**Data for this exercise:**

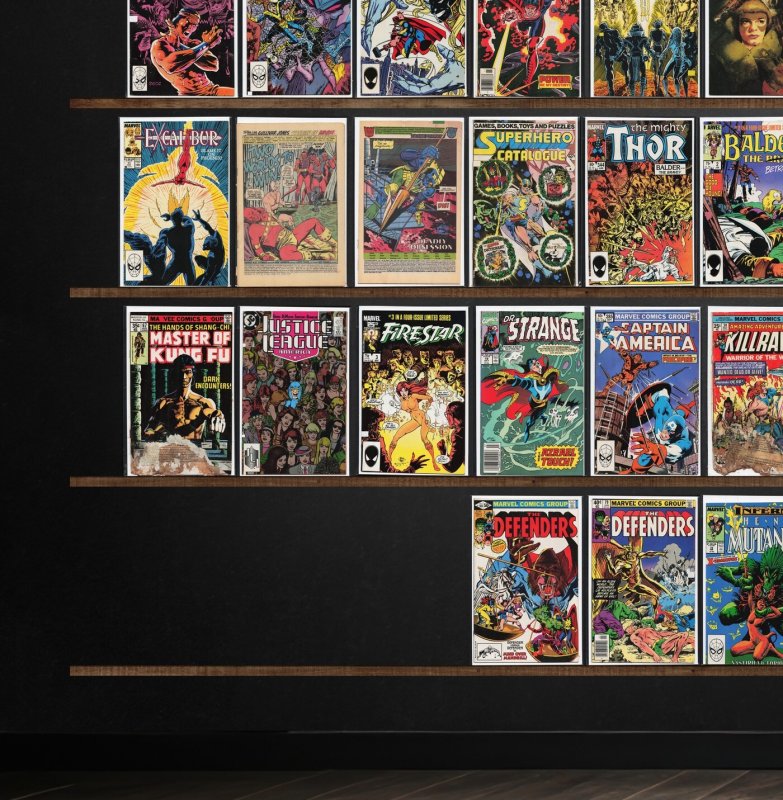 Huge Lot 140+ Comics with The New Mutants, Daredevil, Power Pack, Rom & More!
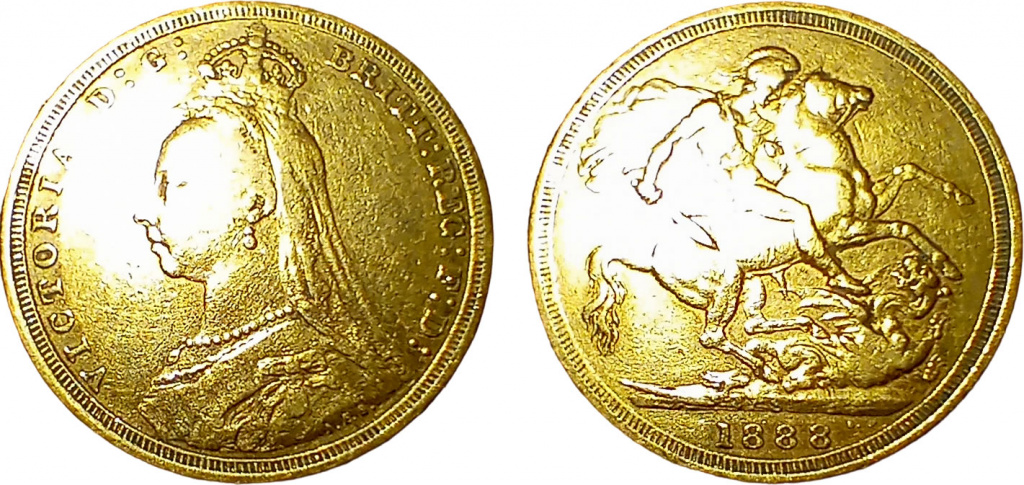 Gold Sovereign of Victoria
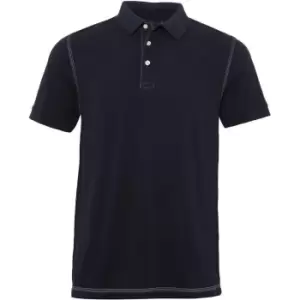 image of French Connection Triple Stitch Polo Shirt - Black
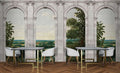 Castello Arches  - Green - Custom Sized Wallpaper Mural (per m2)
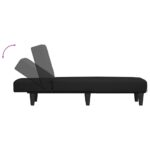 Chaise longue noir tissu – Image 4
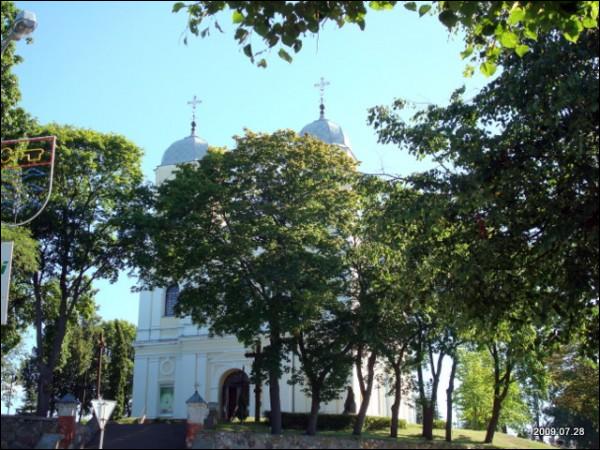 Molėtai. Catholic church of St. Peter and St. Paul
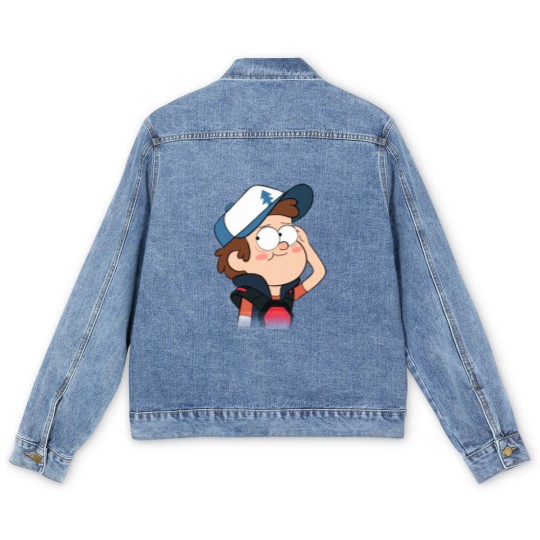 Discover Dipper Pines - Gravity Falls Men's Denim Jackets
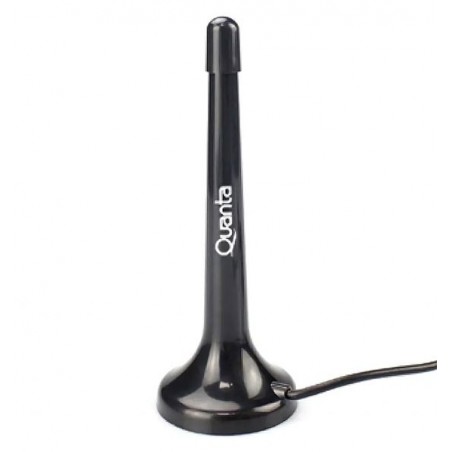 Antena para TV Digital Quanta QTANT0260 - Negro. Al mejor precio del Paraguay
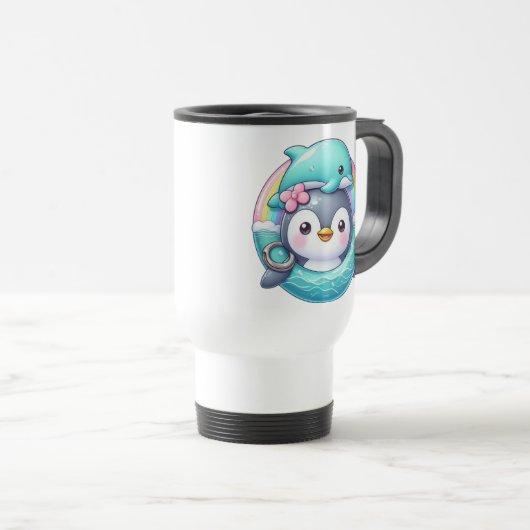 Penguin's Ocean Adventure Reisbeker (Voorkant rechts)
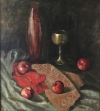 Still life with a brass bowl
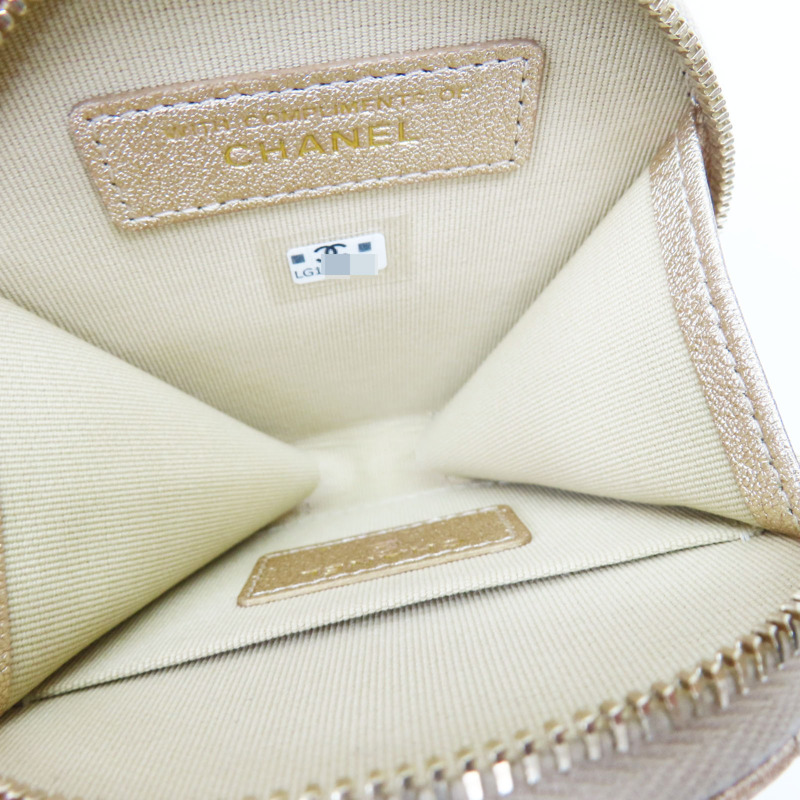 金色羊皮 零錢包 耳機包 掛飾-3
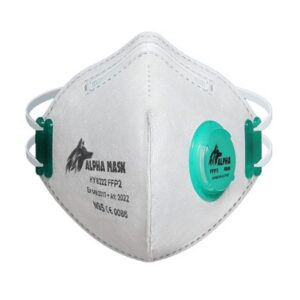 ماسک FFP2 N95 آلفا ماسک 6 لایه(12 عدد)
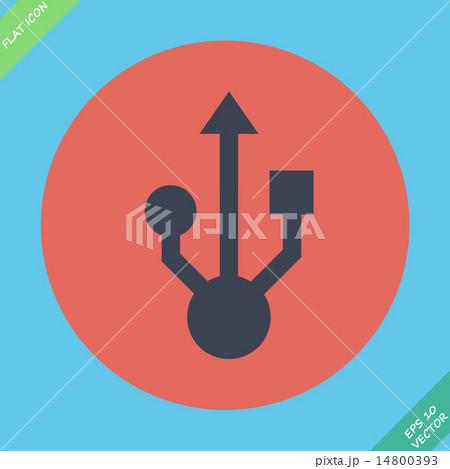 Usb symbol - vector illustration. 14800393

...

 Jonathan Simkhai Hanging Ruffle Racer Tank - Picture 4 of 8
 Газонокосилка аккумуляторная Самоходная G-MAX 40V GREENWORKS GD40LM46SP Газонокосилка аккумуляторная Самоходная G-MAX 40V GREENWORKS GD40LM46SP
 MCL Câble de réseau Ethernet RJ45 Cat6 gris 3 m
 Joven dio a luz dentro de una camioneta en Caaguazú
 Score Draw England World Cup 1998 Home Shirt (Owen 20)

**Exercise details:** Repeat, without pictures, exactly the lines of the data above from the one containing "Mural (per m2)" through the one containing "Discover Dipper Pines", including both and adding nothing.

**Solved problem:**
 Castello Arches  - Green - Custom Sized Wallpaper Mural (per m2)
 Chaise longue noir tissu – Image 4
 Molėtai. Catholic church of St. Peter and St. Paul
 Discover Dipper Pines - Gravity Falls Men's Denim Jackets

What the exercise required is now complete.